There’s been talk lately of ‘the end of globalisation’ and what that means for the path of civilisation, interpreting last year’s events as signs of a reversion to more limited, national interests. That may or may not be true, as who’s to say what these democratic incidents really mean and what may rise out of them. How I see it is that we are all more interconnected as a result of globalisation and that will not ultimately change, but the relationships can become more mature and hopefully better.
Picking up from Trying to understand our times, it seems we’ve been creating this new globalised society of sorts and so much of how that fits together hasn’t yet been defined. We’re involved in this self-reflexive process of creating meaning out of this set of realities and, rather than asserting conclusions that do not exist, it seems we need to somehow articulate our various perspectives within it all and work to create a new code of engagement.
This is exciting, but also quite daunting. Communication and the process of change was my attempt to begin addressing what seems one of the major challenges of modern society.
Sometimes I wonder how far we’ve moved beyond schoolyard social codes, and indeed it seems many schools struggle to instil ethical boundaries in this respect. I’m referring to the basic models of the wounded bully, the cult of popularity, the effectiveness of “being good”, the wars of words, and the expediency of behavioural psychology in moving things forward rather than tackling the messiness of socio-emotional realities or moral ones.
Without communication, without mutual understanding, how can we create a globalised society that works? Surely it would simply be imposing a system onto others.

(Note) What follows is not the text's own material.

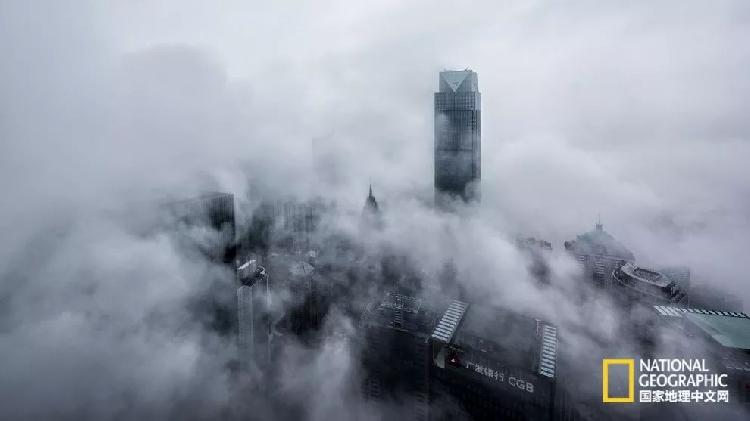 山水重庆：现实版的纪念碑谷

Cultural diversity is a beautiful thing, and differing social conventions are fascinating yet also challenging when it comes to global integration. How aware are we of the ways we’ve been conditioned by our own culture and of how this shapes our social and political engagement? Without being conscious of our own formative attitudes, we seem prone to judging others as “wrong” when they’re likely just shaped by different ideas. Unless we can talk about that, how can we move forward together?
It seems there are issues with the systems we’ve been working with, both within the originating societies and in terms of others struggling to integrate it with their existing values and practices. So it seems we need to reconsider, re-evaluate the essence of that system and, in doing so, rise to the challenge of communicating our ways of being and listening to those of others.
For me, globalised society is finding its feet: we have this new interconnection, this wonderful merging together of experience and outlook, plus all the challenges that throws up and the opportunities for creating something new. Who’s to say what that new system may be, but hopefully it’ll be able to incorporate diversity with greater flexibility and also be based on genuine cooperation and mutual interest.